* _WHAT THE TASK REQUIRES_: For the data below, retype word for word the lines from the one containing "Image 2 of 2022" through the one containing "Ammann ASC70 A/C Foto 8"; drop the pictures.

* _DATASET EXTRACT_:
%%
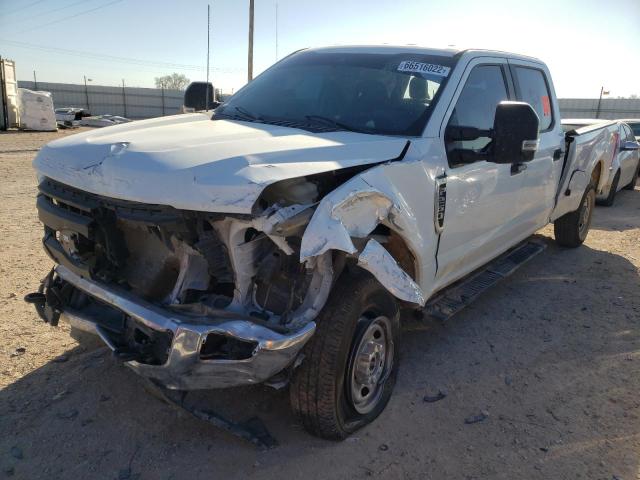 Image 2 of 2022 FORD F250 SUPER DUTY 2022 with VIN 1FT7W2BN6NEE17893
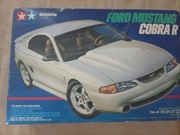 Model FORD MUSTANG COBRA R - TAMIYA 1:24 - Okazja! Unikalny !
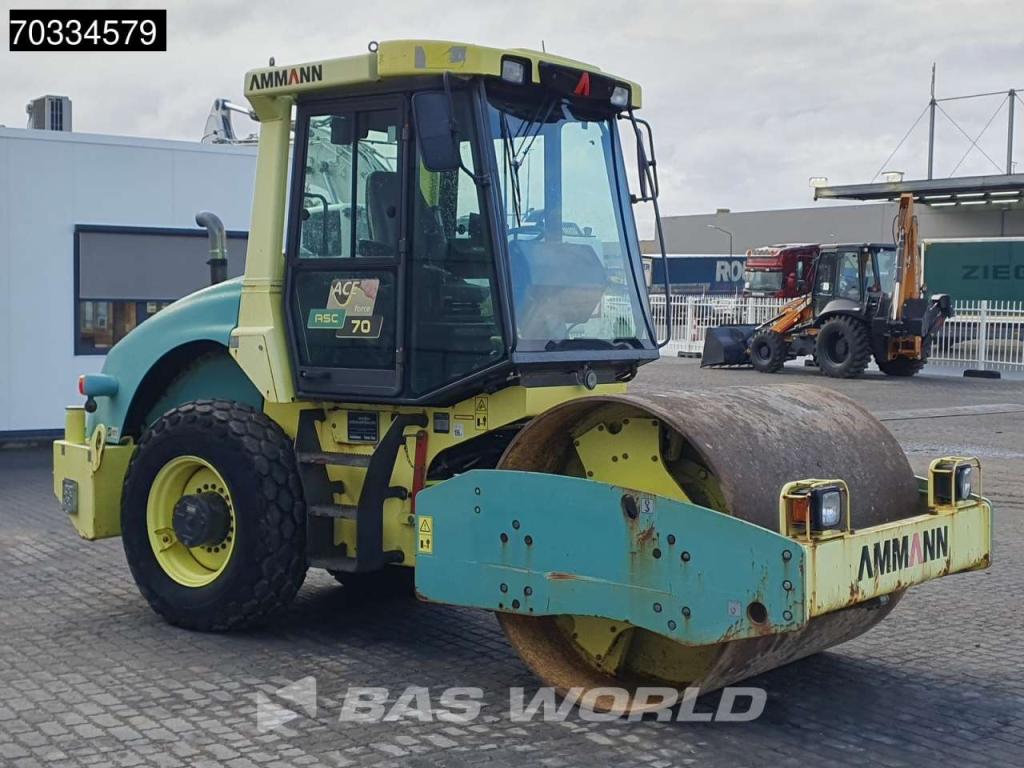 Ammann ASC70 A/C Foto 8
%%
%%
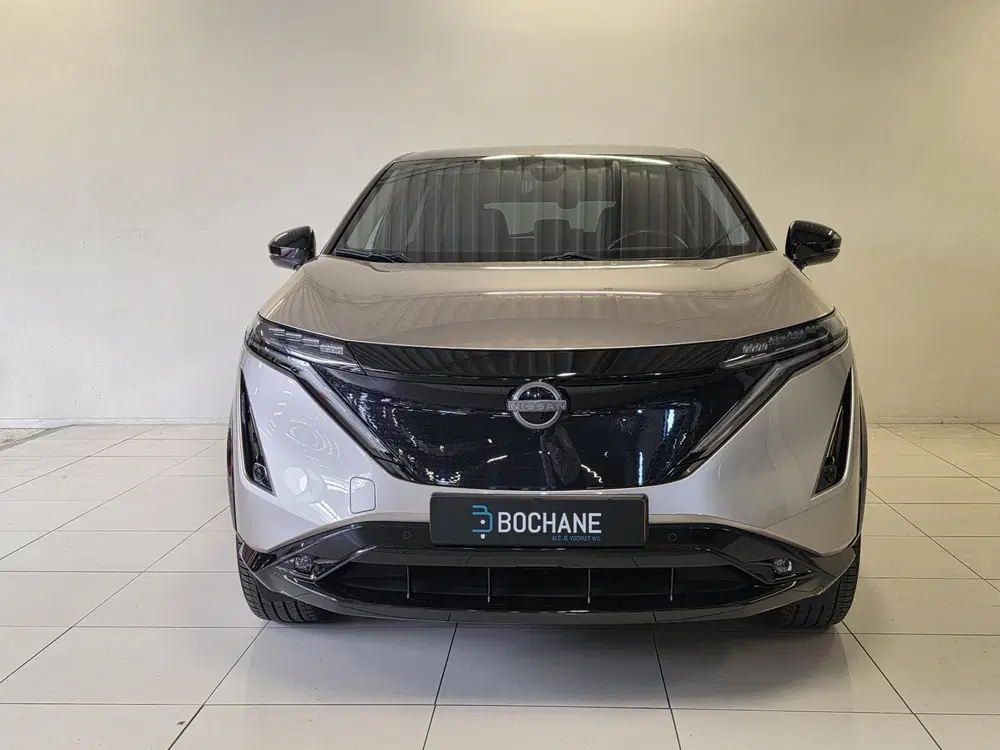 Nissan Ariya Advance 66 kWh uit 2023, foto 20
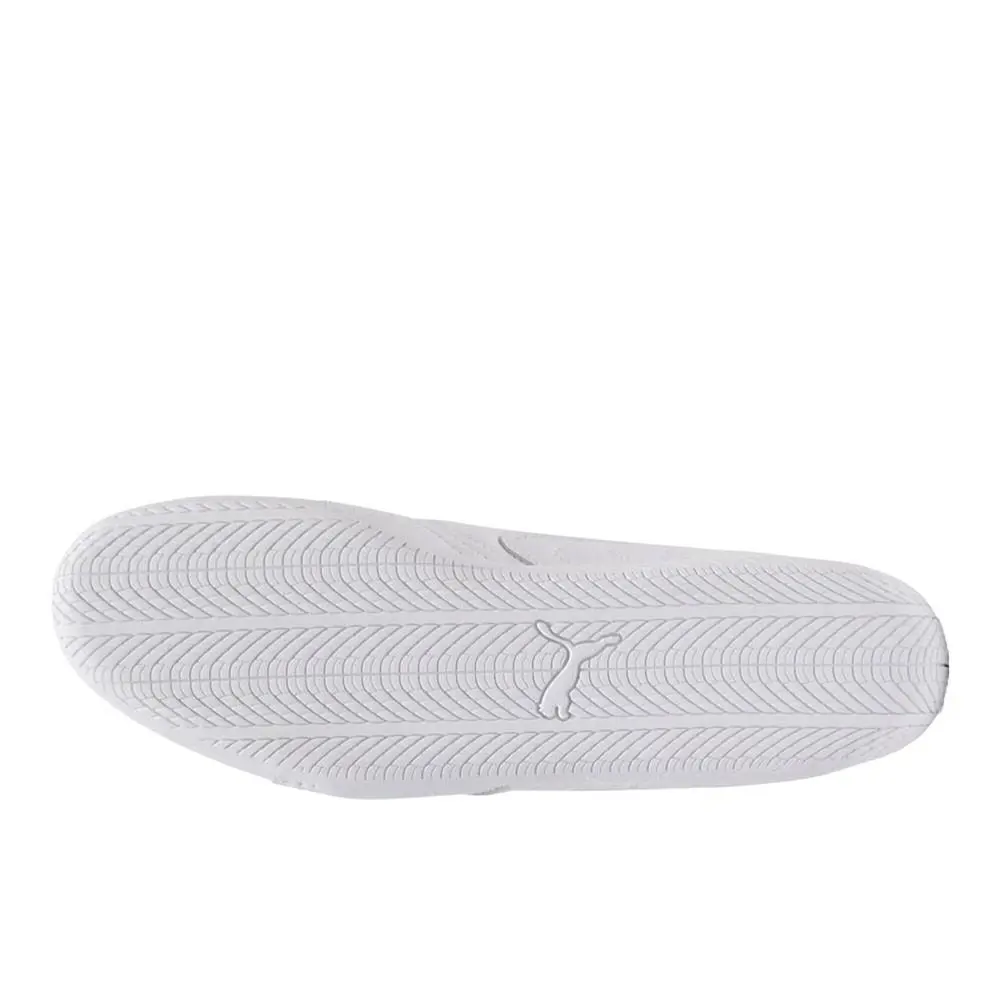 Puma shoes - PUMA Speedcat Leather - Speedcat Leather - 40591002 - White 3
%%
* _FINISHED EXERCISE_:
 Image 2 of 2022 FORD F250 SUPER DUTY 2022 with VIN 1FT7W2BN6NEE17893
 Model FORD MUSTANG COBRA R - TAMIYA 1:24 - Okazja! Unikalny !
 Ammann ASC70 A/C Foto 8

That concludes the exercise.